··· Input data

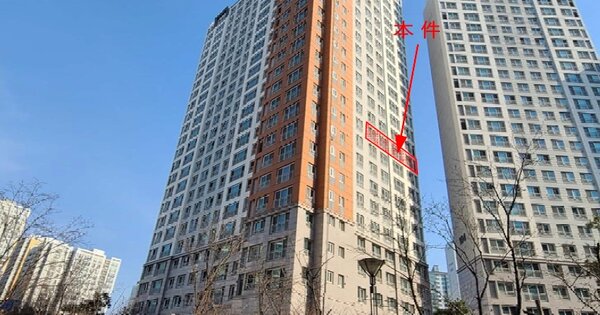 경기 수원시 영통구 망포동 726, 103동 OOOOOOOO OOOOOOOOOOOOOOOOOO 아파트 경매 물건 이미지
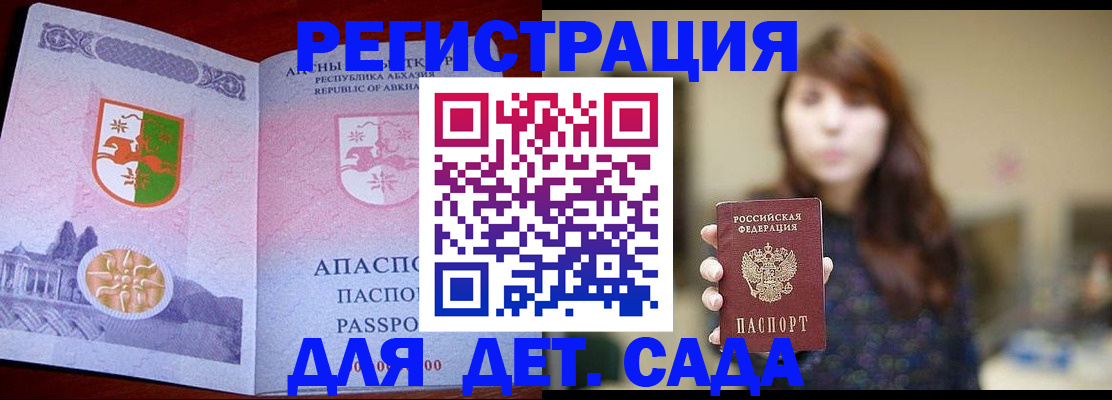 временная регистрация 2025 в Абакане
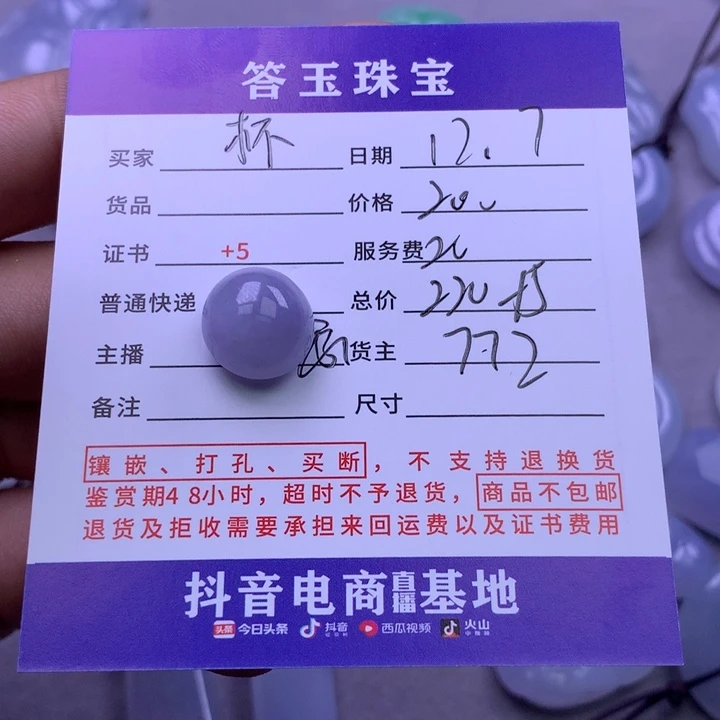 未镶嵌挂件翡翠杯*水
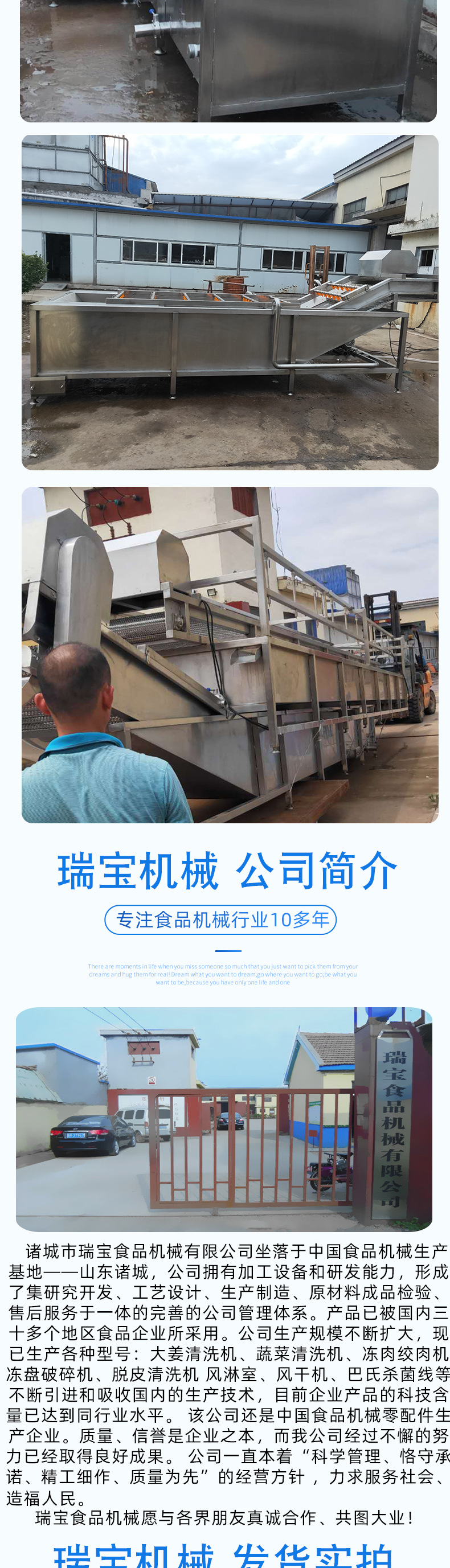 清洗機(jī)_04.jpg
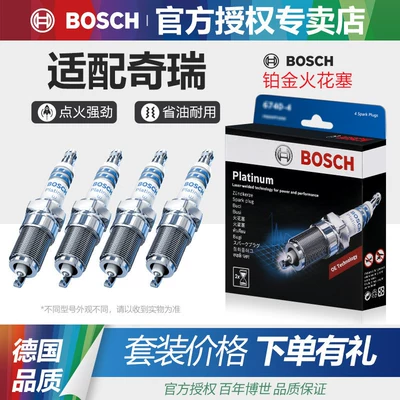 Suitable for Chery A1 A3 A5 V5 E3 E5 Qq Qiyun 1 2 3 5 Bosch Platinum Dual Iridium Spark Plugs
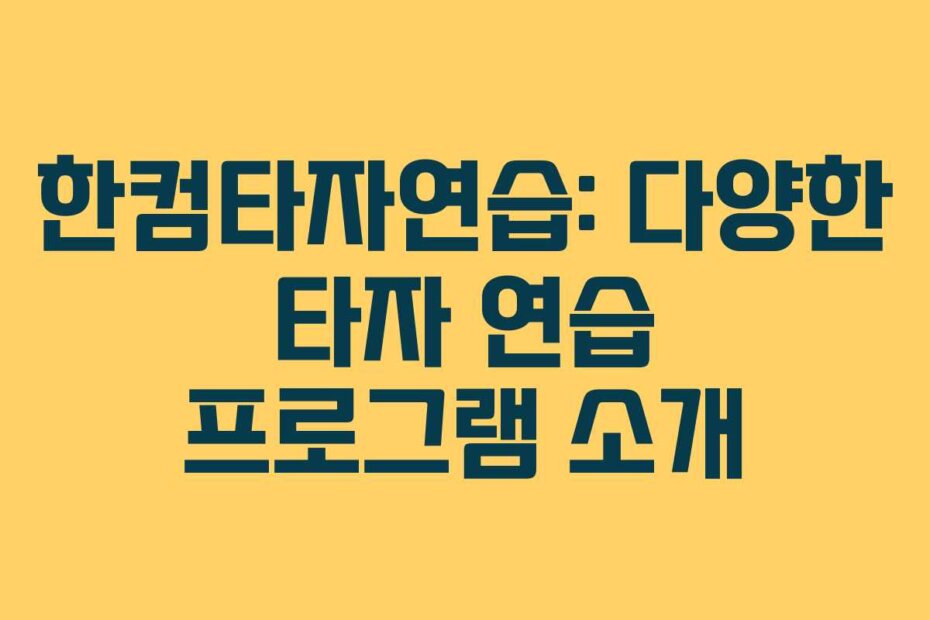 한컴타자연습: 다양한 타자 연습 프로그램 소개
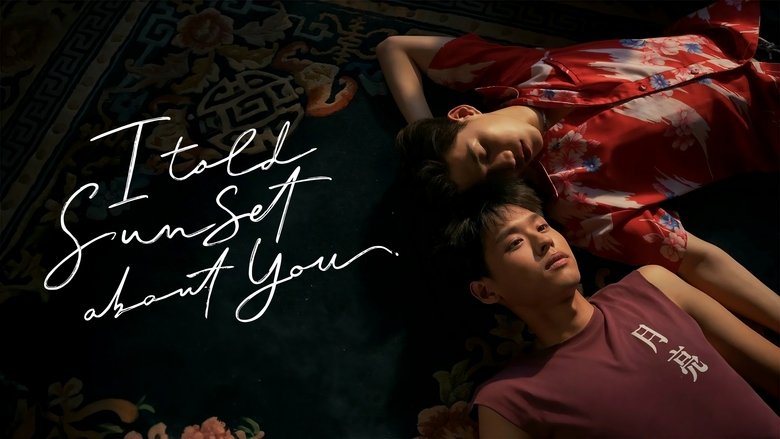 Я розповів заходу сонця про тебе - Скріншот 3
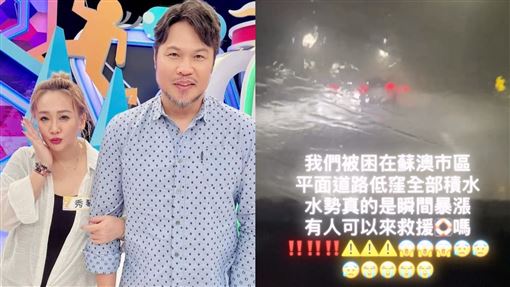 陳致遠林秀琴受困宜蘭　積水暴漲畫面曝光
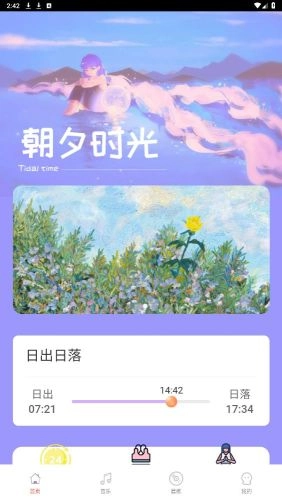 朝夕时光官方版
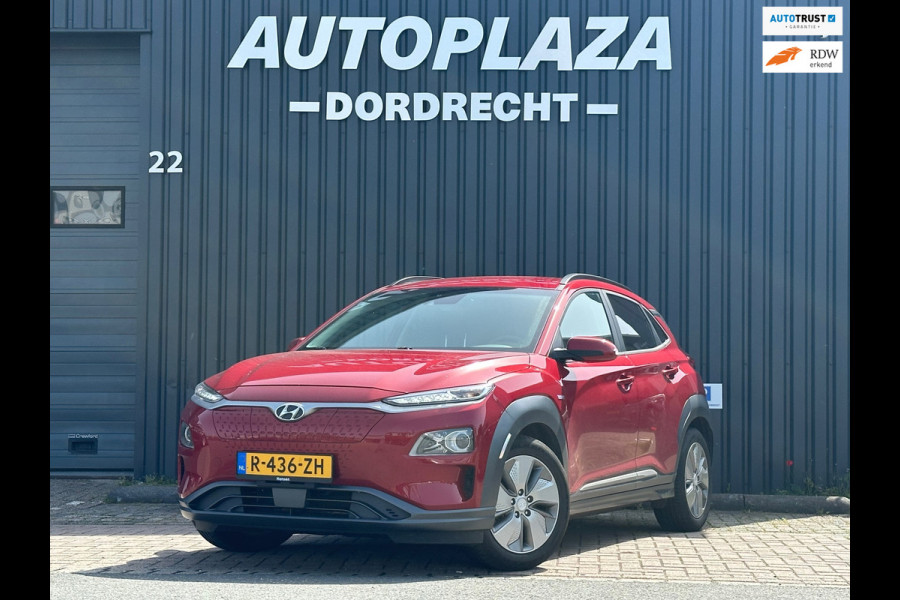Hyundai Kona EV Fashion 64 kWh SOH 95.3 %|CAMERA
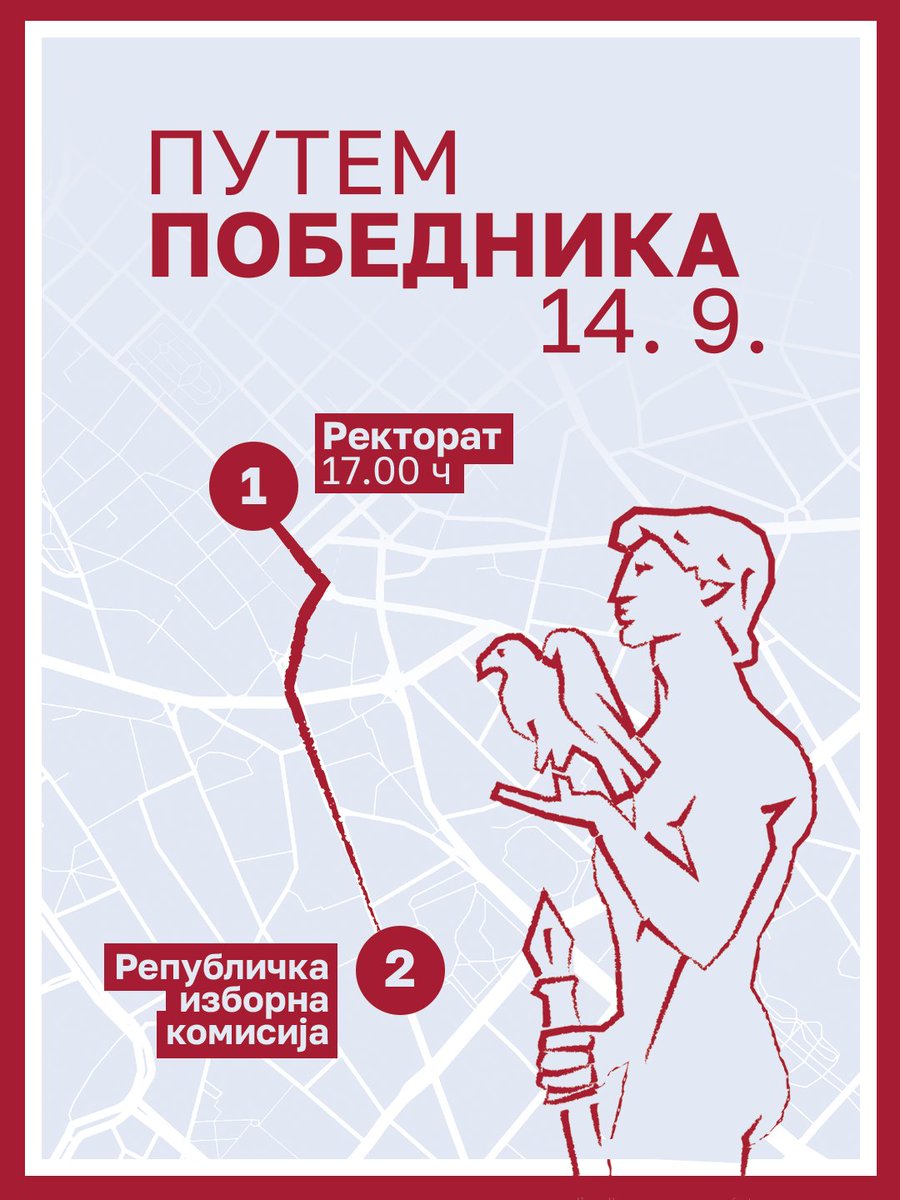 studentblokade's tweet photo. Улице Србије преплавили су редови за прикупљање потписа које су грађани дали као потврду жеље за променом и поверења да је Студентска листа – Студенти побеђују та која ту промену може пружити.

Потписе ћемо носити заједно, јер ово је заједничка борба, као што ће бити и победа. https://t.co/YMOJNKyQu1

······

**Work task**:
Each line above gets copied exactly; leave the pictures out.

**Answer box**:
 경기 수원시 영통구 망포동 726, 103동 OOOOOOOO OOOOOOOOOOOOOOOOOO 아파트 경매 물건 이미지
 временная регистрация 2025 в Абакане
 未镶嵌挂件翡翠杯*水
 清洗機(jī)_04.jpg
 Suitable for Chery A1 A3 A5 V5 E3 E5 Qq Qiyun 1 2 3 5 Bosch Platinum Dual Iridium Spark Plugs
 한컴타자연습: 다양한 타자 연습 프로그램 소개
 Я розповів заходу сонця про тебе - Скріншот 3
 陳致遠林秀琴受困宜蘭　積水暴漲畫面曝光
 朝夕时光官方版
Hyundai Kona EV Fashion 64 kWh SOH 95.3 %|CAMERA
 studentblokade's tweet photo. Улице Србије преплавили су редови за прикупљање потписа које су грађани дали као потврду жеље за променом и поверења да је Студентска листа – Студенти побеђују та која ту промену може пружити.

Потписе ћемо носити заједно, јер ово је заједничка борба, као што ће бити и победа. https://t.co/YMOJNKyQu1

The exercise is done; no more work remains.